Zino Davidoff isminin ortalama dünya insanının zihninde çağrıştırdığı imge purodur bana göre. Zino Davidoff’un ilk işi olan tütün ticareti, onun isminin dünya çapında marka haline gelmesini sağlamıştı. Zamanla işlerin büyümesi, Zino Davidoff’un farklı sektörlere girmesine sebep olmuştu. Bu alanlardan birisi de lüks deri ürün imalatıydı.

Zino Davidoff isminin gücüyle üretilen aksesuvarlardan olan deri ürünleri, markanın 2014 yılında piyasa sürdüğü parfüme ilham kaynağı oldu. Güçlü bir parfüm geçmişi olan Davidoff’un 2014 yılında hayata geçirdiği “Blend Collection” serisi, 2016 yılının sonları itibariyle üç üyeye ulaştı. Serinin ilk çıkan üyesi Leather Blend, 2014 çıkışlı. 2015 yılında Agar Blend, 2016 yılındaysa Amber Blend görücüye çıktı. Davidoff’un özel serisi denebilecek Blend Collection’ın ilk üyesi Leather Blend’i kullanıyorum bir süredir.

İsminden de anlaşılacağı üzere deriyi merkeze alıyor Leather Blend. Parfümün başlangıcı kuru sayılabilecek çiçeksilikle gerçekleşiyor. Nötr ve soyut çiçeklere kısa süre içinde belli belirsiz kuru meyveler eşlik etmeye başlıyor. Açılıştaki deri, tatlı değil, neredeyse acımsı. Orta kısımda çiçeksi deri devam ederken sıcak baharatlar ekleniyor kompozisyona. Orta bölümden itibaren tozlu havaya bürünüyor Leather Blend. Koku daha sıcak hale geliyor orta notalarda. Son bölümde büyük değişim yok. Aynı çiçeksi deri yapısı devam ediyor. Egzotik sayılabilecek amber kapanışta ve sıradan vanilya deriye eşlik ediyor. Çok çarpıcı değil alt notalar.

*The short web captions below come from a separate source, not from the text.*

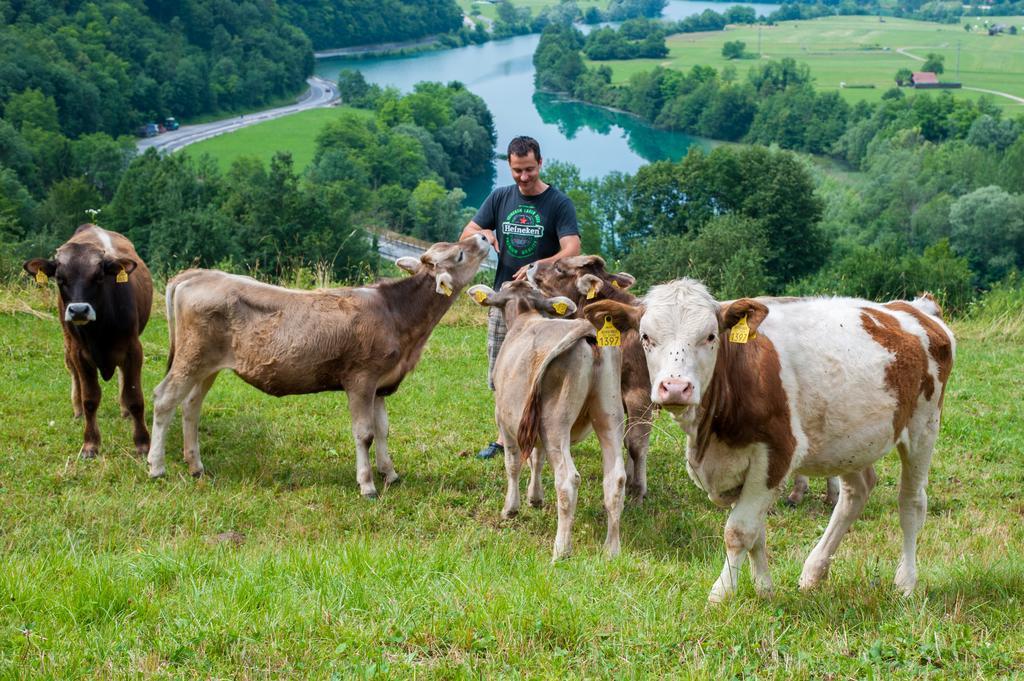 Tourist Farm Pri Kafolu Villa Tolmin Eksteriør billede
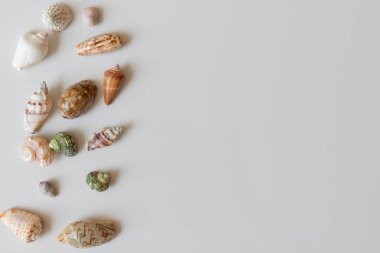 Boş alanı olan deniz kabukları
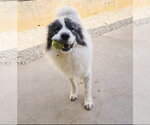 Small #3 Great Pyrenees Mix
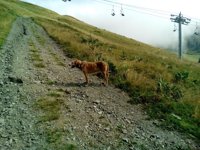 Yet another dog...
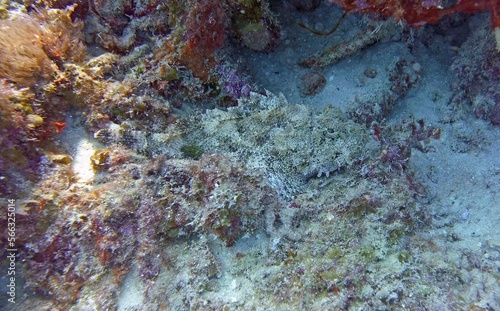 underwater image of an Scorpionfish camouflaged on the bottom of the reef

Leather Blend, isminin hakkını verircesine deriyi merkeze alıyor. Geneline bakarsak derinin çok tatlı kullanılmadığını görürüz. Yeni nesil bol şekerli deri parfümlerinden ziyade kuru, tozlu, eski ve olgun havası var. Deriden sonraki önemli öğe çiçekler. Kimi yorumcular gülden bahsediyor ki haksız sayılmazlar. Fakat gülden daha baskın verilmiş safranı atlamamak gerekiyor. Bence bu parfüm safranlı deri düzleminde ilerliyor.

deri leather yen

Kimi kaynaklarda uniseks olarak verilmesine rağmen, erkeksi nüanslar baskın. Çiçeklerin verdiği kadınsılık, sert ve sağlam duran derinin verdiği erkeksilikten daha az. Ayrıca baharatların sıcak verilişini de es geçmemeliyim. Onun içindir ki ibre erkek kullanımından yana.

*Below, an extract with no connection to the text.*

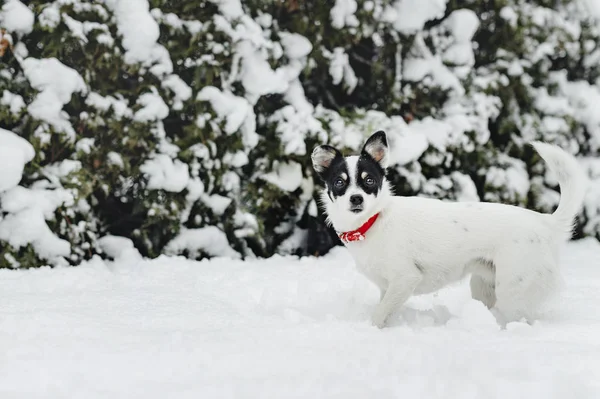Σκύλος Που Περπατά Ένα Χιόνι Σκεπαστό Κήπο — Φωτογραφία Αρχείου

Şimdi geleyim benzerlik kısmına. Kimi yorumcuların onu Tuscan Leather’a benzetmesi gayet anlaşılabilir. Aslında Tuscan Leather’ın piyasaya çıkmasıyla, benzer tarzda kokular gelmeye başladı. Bu tür eskiyi çağrıştıran kuru ve safkan deri parfümleri nedense Tuscan Leather’la bağdaştırılıyor. Oysaki parfüm tarihi harika deri parfümleriyle dolu ama son yıllarda erkeksi kuru deri tarzının en dikkat çeken üyesi Tuscan Leather olduğu için ilk akla o geliyor. Leather Blend, biraz Tuscan Leather’ı andırıyor. Kuru ve yeni alınmış deri ceket etkisi sınırlı olsa da Leather Blend’de var fakat farklı olarak daha çiçeksi ve tozlu Tuscan Leather’a göre. Tuscan Leather daha sert ve acımsı deriye sahip. Ayrıca daha meyvemsiydi.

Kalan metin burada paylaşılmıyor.